Judgment (47 paragraphs)
High Court of Australia Webb, Fullagar and Kitto JJ. Lincoln v Gravil [1954] HCA 24
ORDER Appeal allowed with costs; cross-appeal dismissed with costs. Judgment of the Supreme Court varied by increasing the amount ordered to be paid by the defendant to the plaintiff to £2,250. Direct that this amount be divided into the following shares, namely £2,000 for the benefit of the plaintiff, £150 for the benefit of Darryl Alvin Ball, and £100 for the benefit of Beverley Lenna Ball.

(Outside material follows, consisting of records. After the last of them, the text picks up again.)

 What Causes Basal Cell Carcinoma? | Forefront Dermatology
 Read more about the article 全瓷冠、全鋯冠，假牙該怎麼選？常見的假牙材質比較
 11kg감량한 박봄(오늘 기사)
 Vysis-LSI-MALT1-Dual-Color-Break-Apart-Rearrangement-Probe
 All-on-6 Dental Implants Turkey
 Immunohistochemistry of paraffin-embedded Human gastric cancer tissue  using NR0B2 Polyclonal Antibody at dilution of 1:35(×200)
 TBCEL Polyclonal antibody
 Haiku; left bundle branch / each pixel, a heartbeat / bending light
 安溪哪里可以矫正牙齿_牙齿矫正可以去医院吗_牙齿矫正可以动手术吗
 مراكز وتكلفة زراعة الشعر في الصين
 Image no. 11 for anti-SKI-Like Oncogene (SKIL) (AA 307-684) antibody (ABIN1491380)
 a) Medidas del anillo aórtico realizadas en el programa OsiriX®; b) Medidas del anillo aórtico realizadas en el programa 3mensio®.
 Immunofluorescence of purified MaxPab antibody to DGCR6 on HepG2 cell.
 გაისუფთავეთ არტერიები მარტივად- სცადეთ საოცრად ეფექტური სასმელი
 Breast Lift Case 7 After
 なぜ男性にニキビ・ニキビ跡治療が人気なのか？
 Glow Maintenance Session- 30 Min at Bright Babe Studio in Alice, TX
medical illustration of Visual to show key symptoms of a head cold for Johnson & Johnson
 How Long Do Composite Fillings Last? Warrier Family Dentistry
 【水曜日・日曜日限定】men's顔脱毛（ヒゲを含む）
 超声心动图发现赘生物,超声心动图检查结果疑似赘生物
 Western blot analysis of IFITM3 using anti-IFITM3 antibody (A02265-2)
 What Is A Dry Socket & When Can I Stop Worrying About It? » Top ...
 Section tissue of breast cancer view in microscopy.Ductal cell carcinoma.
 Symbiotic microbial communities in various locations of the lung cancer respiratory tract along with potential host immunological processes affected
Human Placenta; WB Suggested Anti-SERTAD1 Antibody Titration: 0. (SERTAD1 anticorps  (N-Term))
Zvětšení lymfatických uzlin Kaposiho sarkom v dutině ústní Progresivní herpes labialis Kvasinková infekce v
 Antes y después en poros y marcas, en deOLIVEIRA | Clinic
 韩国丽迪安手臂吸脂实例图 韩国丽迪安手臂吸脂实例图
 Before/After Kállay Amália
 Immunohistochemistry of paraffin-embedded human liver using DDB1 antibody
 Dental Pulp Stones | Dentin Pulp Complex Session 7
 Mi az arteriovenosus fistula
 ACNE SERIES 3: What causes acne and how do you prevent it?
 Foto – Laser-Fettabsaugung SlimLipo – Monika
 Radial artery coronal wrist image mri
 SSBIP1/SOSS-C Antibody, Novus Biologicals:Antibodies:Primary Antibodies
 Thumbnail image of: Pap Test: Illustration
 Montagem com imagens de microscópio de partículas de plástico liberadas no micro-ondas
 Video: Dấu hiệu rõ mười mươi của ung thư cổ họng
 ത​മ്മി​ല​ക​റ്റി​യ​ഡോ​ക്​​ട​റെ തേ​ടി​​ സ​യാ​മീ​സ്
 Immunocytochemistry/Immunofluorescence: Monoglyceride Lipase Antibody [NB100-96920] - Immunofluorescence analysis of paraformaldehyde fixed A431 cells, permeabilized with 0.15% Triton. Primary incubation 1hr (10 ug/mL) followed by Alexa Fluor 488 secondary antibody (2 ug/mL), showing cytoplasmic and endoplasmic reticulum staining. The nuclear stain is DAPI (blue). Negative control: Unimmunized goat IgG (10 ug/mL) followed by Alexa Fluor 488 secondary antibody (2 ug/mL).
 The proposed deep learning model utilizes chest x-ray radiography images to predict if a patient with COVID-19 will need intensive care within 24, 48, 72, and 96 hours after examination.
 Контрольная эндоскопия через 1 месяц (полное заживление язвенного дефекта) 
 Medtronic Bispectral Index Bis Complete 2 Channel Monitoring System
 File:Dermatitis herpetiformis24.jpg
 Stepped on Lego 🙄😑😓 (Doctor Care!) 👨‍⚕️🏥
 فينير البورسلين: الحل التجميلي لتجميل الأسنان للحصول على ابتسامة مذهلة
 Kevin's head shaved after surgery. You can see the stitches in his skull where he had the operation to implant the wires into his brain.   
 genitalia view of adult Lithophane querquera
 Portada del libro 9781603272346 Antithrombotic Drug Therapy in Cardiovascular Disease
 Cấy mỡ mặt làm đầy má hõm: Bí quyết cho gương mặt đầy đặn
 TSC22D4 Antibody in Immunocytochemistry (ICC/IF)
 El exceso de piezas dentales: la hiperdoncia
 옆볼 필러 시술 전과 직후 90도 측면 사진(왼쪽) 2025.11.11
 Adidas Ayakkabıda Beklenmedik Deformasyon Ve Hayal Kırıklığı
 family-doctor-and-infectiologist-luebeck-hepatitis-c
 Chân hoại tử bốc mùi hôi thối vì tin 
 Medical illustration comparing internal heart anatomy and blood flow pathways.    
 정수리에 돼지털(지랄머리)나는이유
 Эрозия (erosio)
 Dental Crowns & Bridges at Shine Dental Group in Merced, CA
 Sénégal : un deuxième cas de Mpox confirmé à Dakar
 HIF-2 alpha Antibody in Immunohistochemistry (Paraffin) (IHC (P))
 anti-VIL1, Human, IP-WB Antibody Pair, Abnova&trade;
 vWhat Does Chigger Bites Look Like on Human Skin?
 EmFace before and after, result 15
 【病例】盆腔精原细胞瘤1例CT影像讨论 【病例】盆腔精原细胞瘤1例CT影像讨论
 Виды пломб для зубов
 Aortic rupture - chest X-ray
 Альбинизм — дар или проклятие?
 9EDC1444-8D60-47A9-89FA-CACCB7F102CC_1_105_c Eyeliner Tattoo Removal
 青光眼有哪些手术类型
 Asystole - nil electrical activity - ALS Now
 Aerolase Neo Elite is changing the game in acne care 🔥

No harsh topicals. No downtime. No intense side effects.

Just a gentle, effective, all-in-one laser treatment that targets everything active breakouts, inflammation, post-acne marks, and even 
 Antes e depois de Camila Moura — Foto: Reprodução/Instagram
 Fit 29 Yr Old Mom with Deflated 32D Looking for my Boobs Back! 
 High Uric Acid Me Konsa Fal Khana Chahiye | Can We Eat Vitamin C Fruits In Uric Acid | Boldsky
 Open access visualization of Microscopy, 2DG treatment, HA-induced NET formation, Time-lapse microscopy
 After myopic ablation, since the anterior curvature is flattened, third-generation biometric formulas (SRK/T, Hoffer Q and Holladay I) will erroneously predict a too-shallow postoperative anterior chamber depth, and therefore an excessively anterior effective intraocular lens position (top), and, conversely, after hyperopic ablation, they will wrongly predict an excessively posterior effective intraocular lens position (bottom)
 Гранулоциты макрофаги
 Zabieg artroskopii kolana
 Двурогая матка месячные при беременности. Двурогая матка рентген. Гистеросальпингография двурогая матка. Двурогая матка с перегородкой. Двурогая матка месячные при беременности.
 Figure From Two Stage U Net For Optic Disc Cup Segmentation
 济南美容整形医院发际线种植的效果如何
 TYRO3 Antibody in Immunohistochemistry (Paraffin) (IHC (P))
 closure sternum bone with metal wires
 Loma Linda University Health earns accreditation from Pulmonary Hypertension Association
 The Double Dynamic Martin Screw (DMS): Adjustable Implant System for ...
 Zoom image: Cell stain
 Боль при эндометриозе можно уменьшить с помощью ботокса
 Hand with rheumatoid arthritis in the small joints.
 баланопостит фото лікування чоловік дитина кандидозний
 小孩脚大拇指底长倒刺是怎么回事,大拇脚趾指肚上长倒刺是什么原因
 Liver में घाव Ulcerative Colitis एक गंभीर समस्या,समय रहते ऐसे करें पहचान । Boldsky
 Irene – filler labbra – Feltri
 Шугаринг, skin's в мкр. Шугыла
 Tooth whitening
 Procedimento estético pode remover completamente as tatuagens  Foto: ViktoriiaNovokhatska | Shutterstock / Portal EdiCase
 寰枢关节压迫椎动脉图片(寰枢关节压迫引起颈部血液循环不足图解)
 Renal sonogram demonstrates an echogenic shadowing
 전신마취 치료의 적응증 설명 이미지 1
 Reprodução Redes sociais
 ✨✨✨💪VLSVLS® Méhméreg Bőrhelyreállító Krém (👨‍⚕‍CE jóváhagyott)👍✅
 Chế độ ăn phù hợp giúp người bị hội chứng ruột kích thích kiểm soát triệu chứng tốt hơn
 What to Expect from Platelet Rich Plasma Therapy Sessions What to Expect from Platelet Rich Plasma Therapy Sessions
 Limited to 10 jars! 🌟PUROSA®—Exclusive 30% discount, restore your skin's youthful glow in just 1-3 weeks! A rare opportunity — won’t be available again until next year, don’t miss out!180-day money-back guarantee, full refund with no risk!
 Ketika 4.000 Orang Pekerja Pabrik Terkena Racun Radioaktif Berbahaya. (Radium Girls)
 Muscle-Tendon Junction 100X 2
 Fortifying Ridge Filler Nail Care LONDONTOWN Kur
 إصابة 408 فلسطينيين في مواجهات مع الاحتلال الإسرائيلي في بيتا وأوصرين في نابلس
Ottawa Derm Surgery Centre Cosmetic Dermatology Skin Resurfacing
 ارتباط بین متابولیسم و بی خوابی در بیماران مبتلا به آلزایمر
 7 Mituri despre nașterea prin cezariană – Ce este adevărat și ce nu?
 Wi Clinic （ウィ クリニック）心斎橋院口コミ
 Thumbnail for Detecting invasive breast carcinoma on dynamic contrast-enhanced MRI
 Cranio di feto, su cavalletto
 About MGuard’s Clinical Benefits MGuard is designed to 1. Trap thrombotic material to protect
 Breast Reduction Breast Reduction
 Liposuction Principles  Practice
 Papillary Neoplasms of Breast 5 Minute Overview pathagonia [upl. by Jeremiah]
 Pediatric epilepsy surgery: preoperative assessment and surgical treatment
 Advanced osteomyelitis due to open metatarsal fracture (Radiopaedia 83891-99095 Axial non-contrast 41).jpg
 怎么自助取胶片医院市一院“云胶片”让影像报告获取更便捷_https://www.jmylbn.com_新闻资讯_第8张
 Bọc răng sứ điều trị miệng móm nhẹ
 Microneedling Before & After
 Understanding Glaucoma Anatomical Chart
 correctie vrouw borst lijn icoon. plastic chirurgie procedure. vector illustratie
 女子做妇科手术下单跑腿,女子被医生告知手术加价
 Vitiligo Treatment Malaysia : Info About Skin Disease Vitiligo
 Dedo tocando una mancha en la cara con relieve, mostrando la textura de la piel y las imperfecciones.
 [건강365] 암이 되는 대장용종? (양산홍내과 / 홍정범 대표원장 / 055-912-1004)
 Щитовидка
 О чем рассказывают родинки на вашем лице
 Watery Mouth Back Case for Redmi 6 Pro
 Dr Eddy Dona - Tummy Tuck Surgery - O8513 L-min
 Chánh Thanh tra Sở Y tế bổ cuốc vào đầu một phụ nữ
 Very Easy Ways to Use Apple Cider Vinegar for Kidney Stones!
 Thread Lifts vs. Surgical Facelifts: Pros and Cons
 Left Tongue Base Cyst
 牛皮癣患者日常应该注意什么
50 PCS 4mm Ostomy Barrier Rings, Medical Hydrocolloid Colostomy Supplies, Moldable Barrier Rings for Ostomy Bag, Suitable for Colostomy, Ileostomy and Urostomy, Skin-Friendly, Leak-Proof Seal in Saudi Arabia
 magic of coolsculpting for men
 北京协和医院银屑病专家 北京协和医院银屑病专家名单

This is an appeal from a judgment of the Supreme Court of Tasmania (Gibson J.) awarding £1,000 damages to the appellant and her two children, the widow and step-children of one W. F. Lincoln, and apportioning £750 to the appellant. The award of damages was made in an action under the Fatal Accidents Act 1934 Tas. arising out of the death of the appellant's husband from injuries caused in a collision in a street in Hobart on 17th July 1951 between the respondent's motor car and the deceased's bicycle. Gibson J. found that the respondent was solely to blame for the collision. The ground of appeal is that the award of £750 damages to the appellant was inadequate. No question arises as to the damages awarded to the children. A cross-appeal, on the ground that the evidence for the appellant was circumstantial and that, assuming that the evidence for the respondent was rightly rejected by the trial judge, still there was a reasonable hypothesis consistent with the absence of responsibility of the respondent for the accident, was dismissed without reserving judgment. The evidence for the appellant was that there were three long scratches on the bitumen made by the deceased's bicycle as it was pushed or dragged along the street by the motor car. These scratches formed three straight lines of varying length, all parallel with the guttering on the deceased's correct side of the street and within five feet of the guttering. The rear wheel of the bicycle was dented as though struck from behind. The respondent, who was the only eye-witness, admitted that the deceased was riding along on his correct side of the street and within a few feet from the gutter; but said that, while there was still ample room for the motor car to pass the deceased, the bicycle was turned to the right across the path of the car when it was too late for the car to avoid hitting it. The respondent's expert evidence was that the bicycle was struck on the side and not behind on the rear wheel.